Trying to Write About “The Two John Miltons”
Joe Moshenska on the Complicated Lives the Scholar-Poet-Prophet
There have always been two John Miltons. The prophet and the scholar; the radical and the know-it-all. In fact that’s not quite true, or at least it’s somewhat too simple. Better to say that, since I first read Paradise Lost and began to think about his poetry, I have had these two John Miltons in mind. I don’t necessarily love or like or admire or respect one of them, the prophet or the scholar, more than the other, and I don’t exactly find it easier to imagine one than the other, though I do have times and moods when one dominates and distracts me from his curious doppelgänger. I don’t want to let go of either of them, and yet I have no idea how to keep them together—whether to place them side by side or try to make them occupy the same place in my mind.
Part of the problem with trying to place the two Miltons is that both are, as I find myself imagining them, utterly out of place. Distinct though they are from one another, both are in different ways, to use one of Milton’s own favorite words, transported—literally carried beyond the confines of themselves, whether by divine forces or by bubblings of recollection. Seated at home in their respective chairs in the Buckinghamshire village of Chalfont St. Giles, whether sleeping or waking, the two Miltons are at the same time profoundly displaced, exploring the realms of inspiration or of memory. And, if the two Miltons are in different ways both in and out of place, they are no less in and out of time: on the one hand quite precisely located, at this point, in the mid-1660s; on the other hand, locked in ecstatic communion with somewhen else altogether—with the remembered past, with the words of ancient writers dead for centuries, or with the timeless and eternal Divine.
How to understand, or write about, a life divided in this way? Is it possible to write a biography of these various Miltons? Conventional wisdom would say no: if an account of a life should stick to its known or sensibly inferred facts, then the facts of Milton’s life are well-documented, unusually interesting, and have often been related. Already in 1779, just over a century after Milton’s death, Samuel Johnson felt compelled to begin his rather bad-tempered and brilliantly readable biography by admitting that “[t]he life of Milton has already been written in so many forms, and with such minute enquiry,” that he wondered whether he might limit himself to “the addition of a few notes” to these previous biographies rather than writing his own from scratch. If this was true in 1779 then it is truer still nearly two and a half centuries later, with every aspect of Milton’s life and the traces he left having been meticulously pored over.
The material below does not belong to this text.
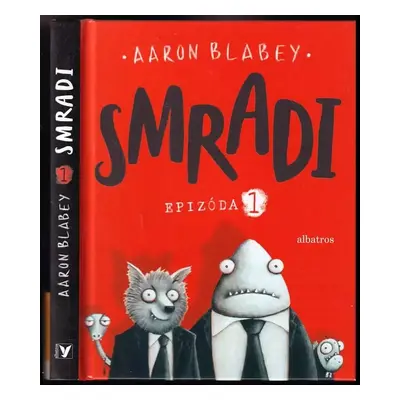 Smradi : Epizóda 1 - Aaron Blabey (2022)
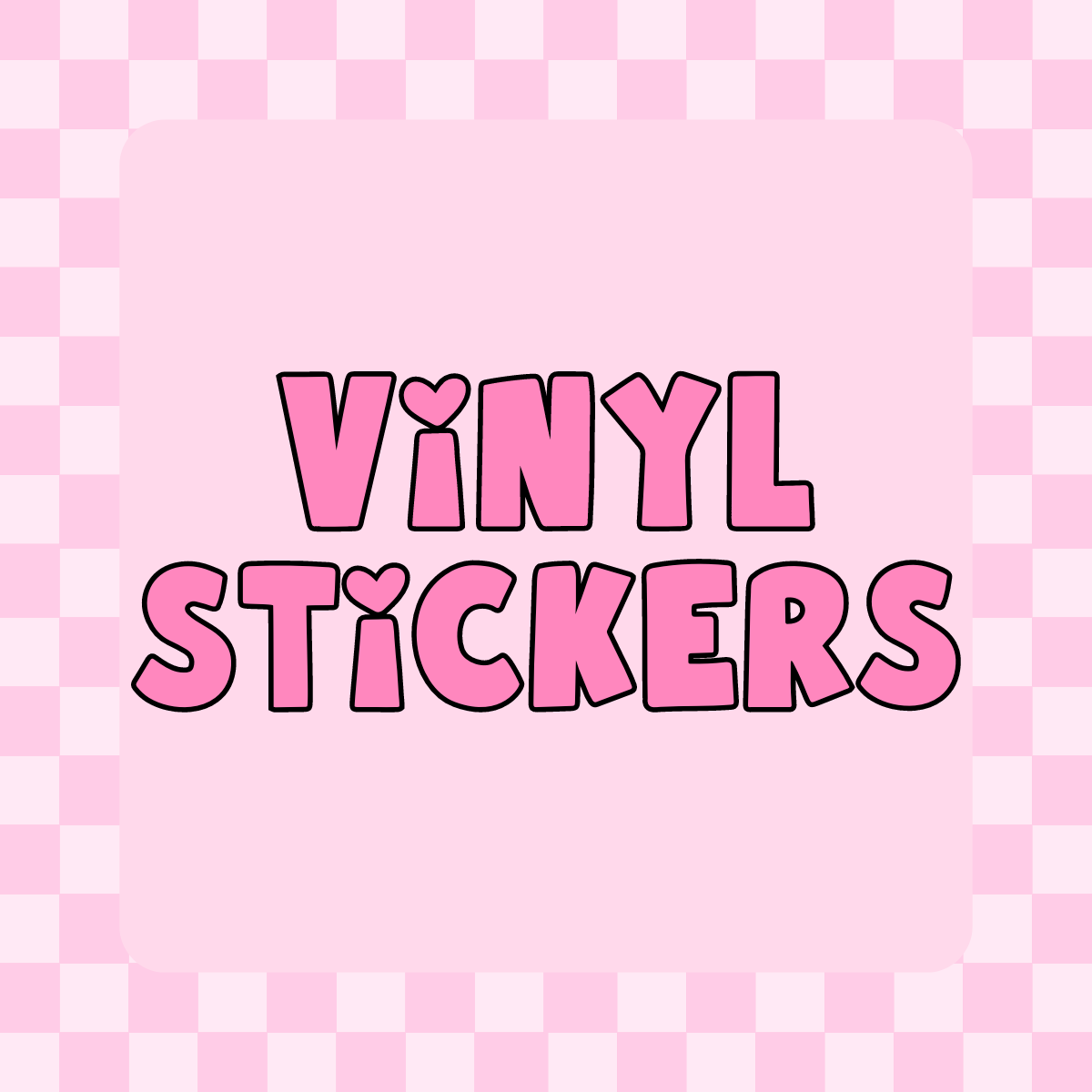 Vinyl Stickers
If Milton seems like a dream for a biographer, it is partly because—unlike the protean and elusive Shakespeare—he is so prominently and obviously in his works. When, in Paradise Lost, the narrator places himself “In darkness, and with dangers compassed round, / And solitude,” surely we can only understand these lines if we know that “darkness” refers to Milton’s own blindness, and that “dangers” reflect the genuine peril in which he was placed by the restoration to the throne of King Charles II, whose father’s execution Milton had thunderously justified in public.
This Milton, who vividly presents himself to us, seems to know exactly who he is, and wants us to know too. The constant demand that we keep in mind the person behind the works if we want to understand them would seem to make some knowledge of Milton’s life necessary for reading him, and so it’s little wonder that there have been many attempts to tell his life story.
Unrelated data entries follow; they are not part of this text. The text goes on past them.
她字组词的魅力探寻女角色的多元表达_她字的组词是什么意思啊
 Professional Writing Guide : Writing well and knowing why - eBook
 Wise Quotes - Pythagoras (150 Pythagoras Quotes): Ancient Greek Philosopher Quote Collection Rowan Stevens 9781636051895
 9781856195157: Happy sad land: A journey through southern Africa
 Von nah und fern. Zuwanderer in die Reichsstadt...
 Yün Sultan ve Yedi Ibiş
But, I would suggest, the urge to retell Milton’s life is not only a response to his prominent presence in his writings, nor a reflection of his stature as a great poet, nor of the fact that he lived a peculiarly interesting life in particularly interesting times. It cuts deeper than this. He is a tempting subject for biography because he has seemed to many of his readers like a powerful example of what it means not only to be a poet, but to live a human life. He seems to remain consistently aware of who he is and what he is doing, and he develops in clear and distinct stages while nonetheless remaining recognizably and unmistakably himself.
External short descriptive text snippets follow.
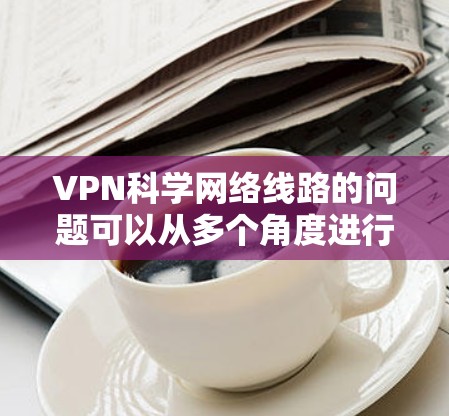 VPN科学网络线路的问题可以从多个角度进行分析,以下是一些关键点的总结 VPN科学网络线路的问题可以从多个角度进行分析,以下是一些关键点的总结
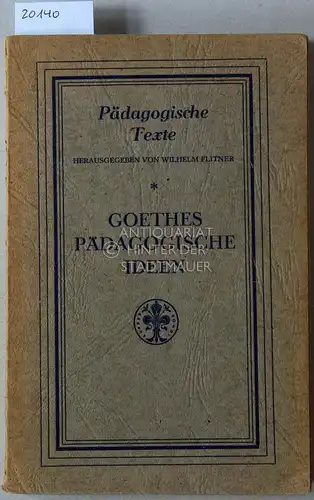 Goethe, Johann Wolfgang von und Wilhelm (Hrsg.) Flitner: Goethes pädagogische Ideen. Die Pädagogische Provinz nebst verwandten Texten. Hrsg. u. erl. v. Wilhelm Flitner. 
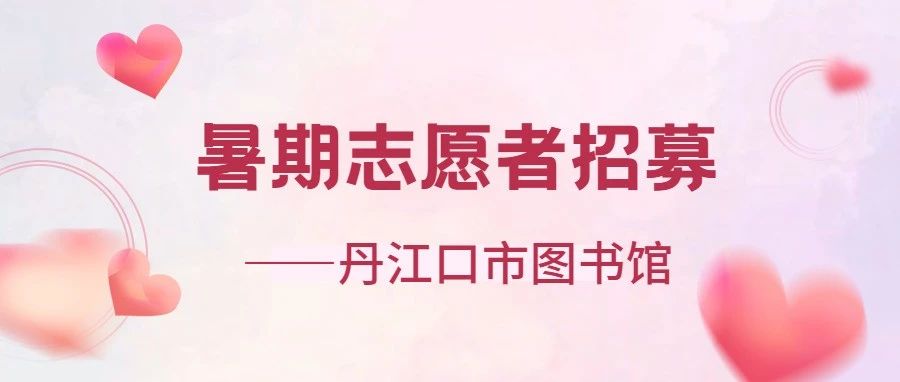 志愿者招募丨丹江口市图书馆2025年暑期志愿者招募开始啦！
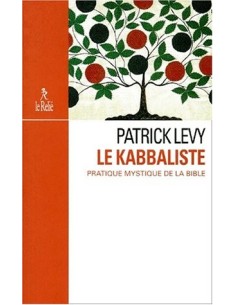 Le kabbaliste. Pratique mystique de la Bible - Patrick Levy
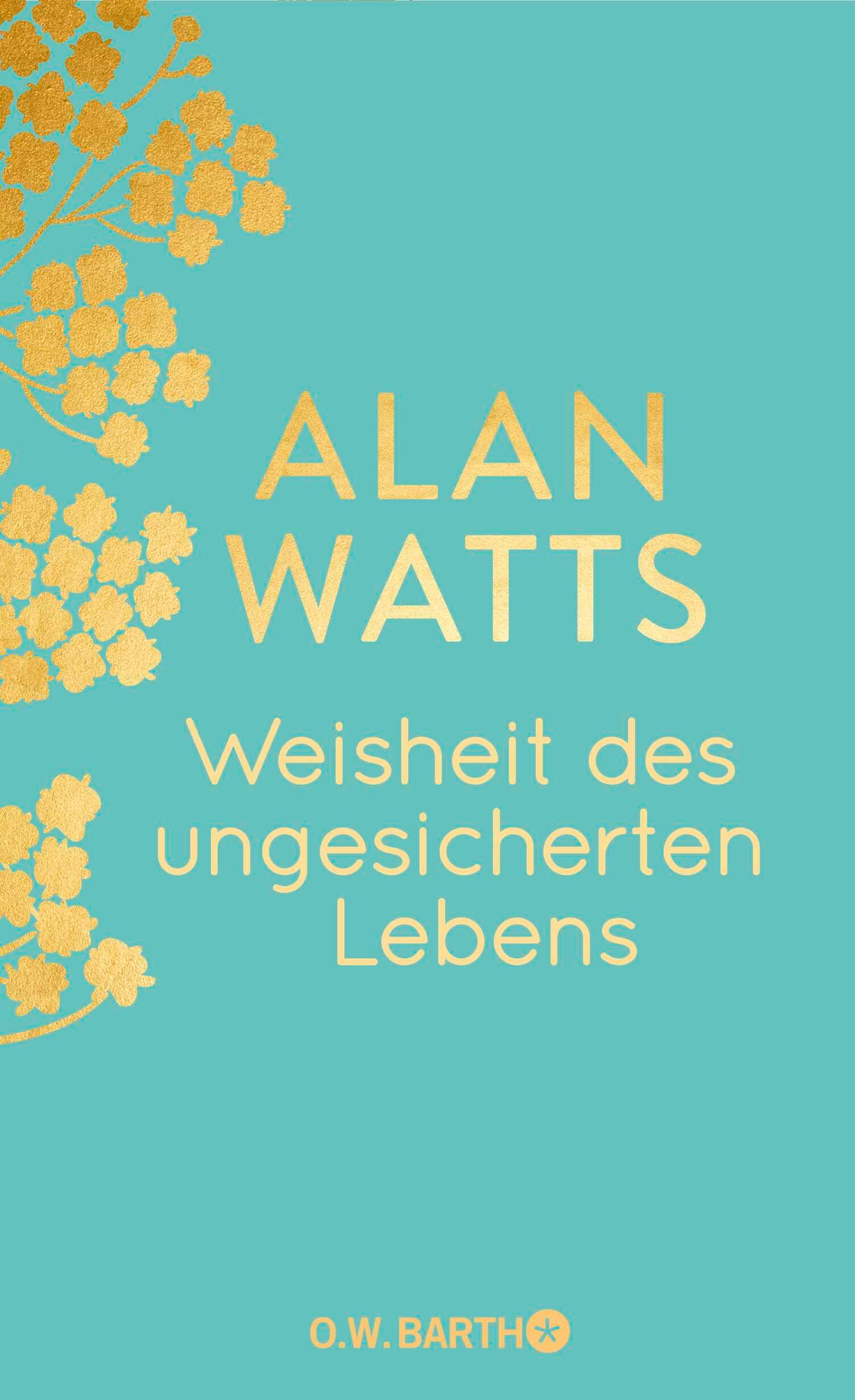 Vorderes Coverbild Weisheit des ungesicherten Lebens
Viewed in this way, I’m inclined to see Milton not just as a tempting subject for biography but as the embodiment of the biographical temptation itself: his life seems to be eminently writable because it is so thoroughly knowable, by him and therefore by us. It’s perhaps for this reason that Milton’s name sometimes appears on lists of great men who exemplify the allure of biographical narrative. The renowned American essayist Ralph Waldo Emerson, praising the “perfect sympathy that exists between like minds,” a sympathy that biography makes possible across time and space, wrote that “Socrates, St Paul, Antoninus, Luther, Milton have lived for us as much as for their contemporaries if by books or by tradition their life & words come to my ear.” Emerson captures here something of Milton the prophet’s desire to escape time, to be perennially contemporary.